What is expected »
Please output the section of the listing below that opens with the line containing "Пропала собака,померанский шпиц,девочка" and closes with the line containing "Cheer on 10,000", exactly and with nothing else.

Provided records »
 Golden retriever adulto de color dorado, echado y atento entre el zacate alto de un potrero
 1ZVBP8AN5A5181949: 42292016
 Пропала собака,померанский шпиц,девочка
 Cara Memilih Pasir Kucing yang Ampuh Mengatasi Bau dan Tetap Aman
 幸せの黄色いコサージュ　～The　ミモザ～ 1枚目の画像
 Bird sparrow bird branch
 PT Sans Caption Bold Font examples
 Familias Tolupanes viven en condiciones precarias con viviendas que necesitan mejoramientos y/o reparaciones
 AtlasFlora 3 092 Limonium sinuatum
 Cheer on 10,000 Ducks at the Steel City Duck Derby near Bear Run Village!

...

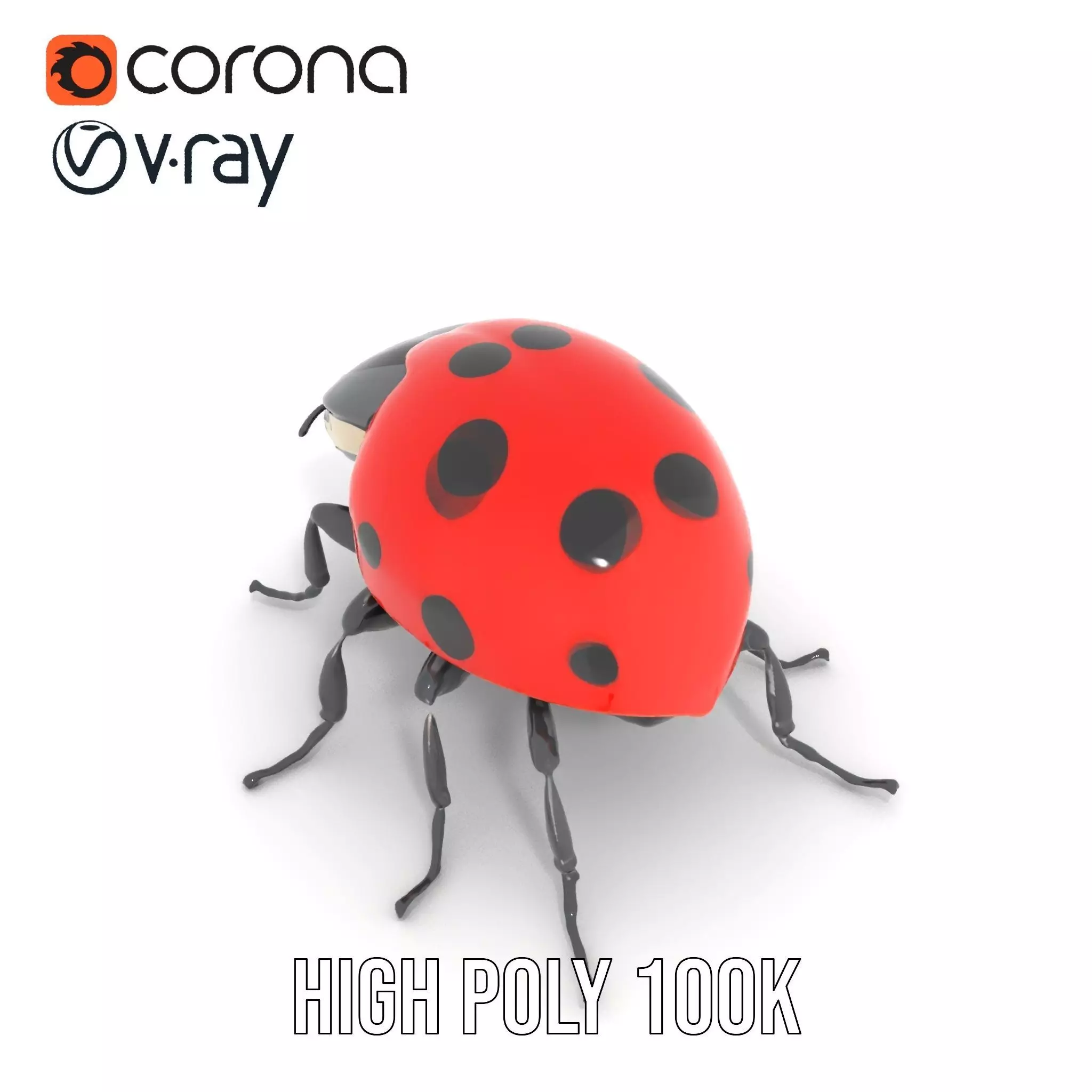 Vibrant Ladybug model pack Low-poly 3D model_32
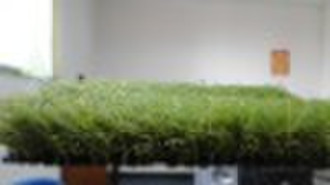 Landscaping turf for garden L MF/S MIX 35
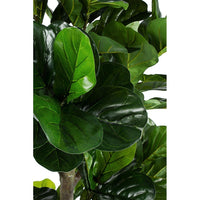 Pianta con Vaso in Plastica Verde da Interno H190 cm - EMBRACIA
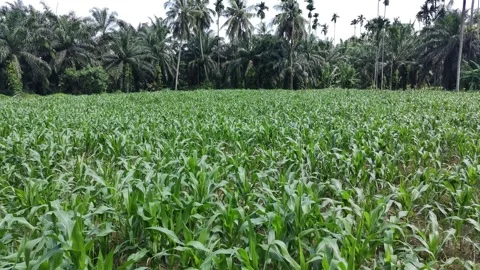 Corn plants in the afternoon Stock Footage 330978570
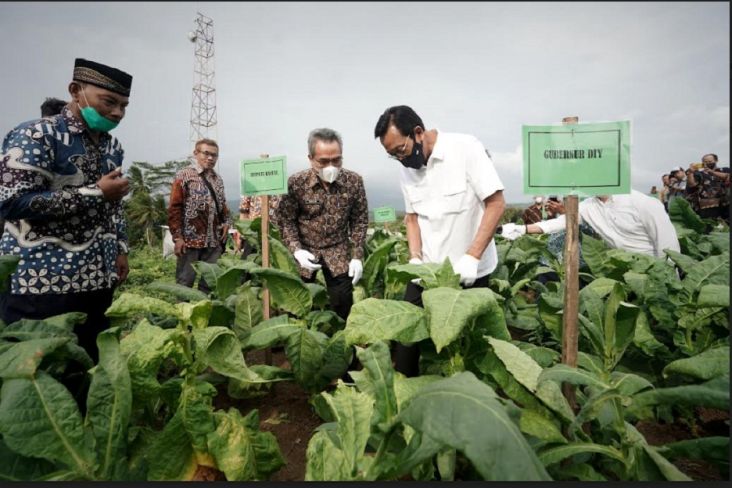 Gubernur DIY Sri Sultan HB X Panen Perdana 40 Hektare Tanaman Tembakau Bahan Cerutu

Expected answer »
 Пропала собака,померанский шпиц,девочка
 Cara Memilih Pasir Kucing yang Ampuh Mengatasi Bau dan Tetap Aman
 幸せの黄色いコサージュ　～The　ミモザ～ 1枚目の画像
 Bird sparrow bird branch
 PT Sans Caption Bold Font examples
 Familias Tolupanes viven en condiciones precarias con viviendas que necesitan mejoramientos y/o reparaciones
 AtlasFlora 3 092 Limonium sinuatum
 Cheer on 10,000 Ducks at the Steel City Duck Derby near Bear Run Village!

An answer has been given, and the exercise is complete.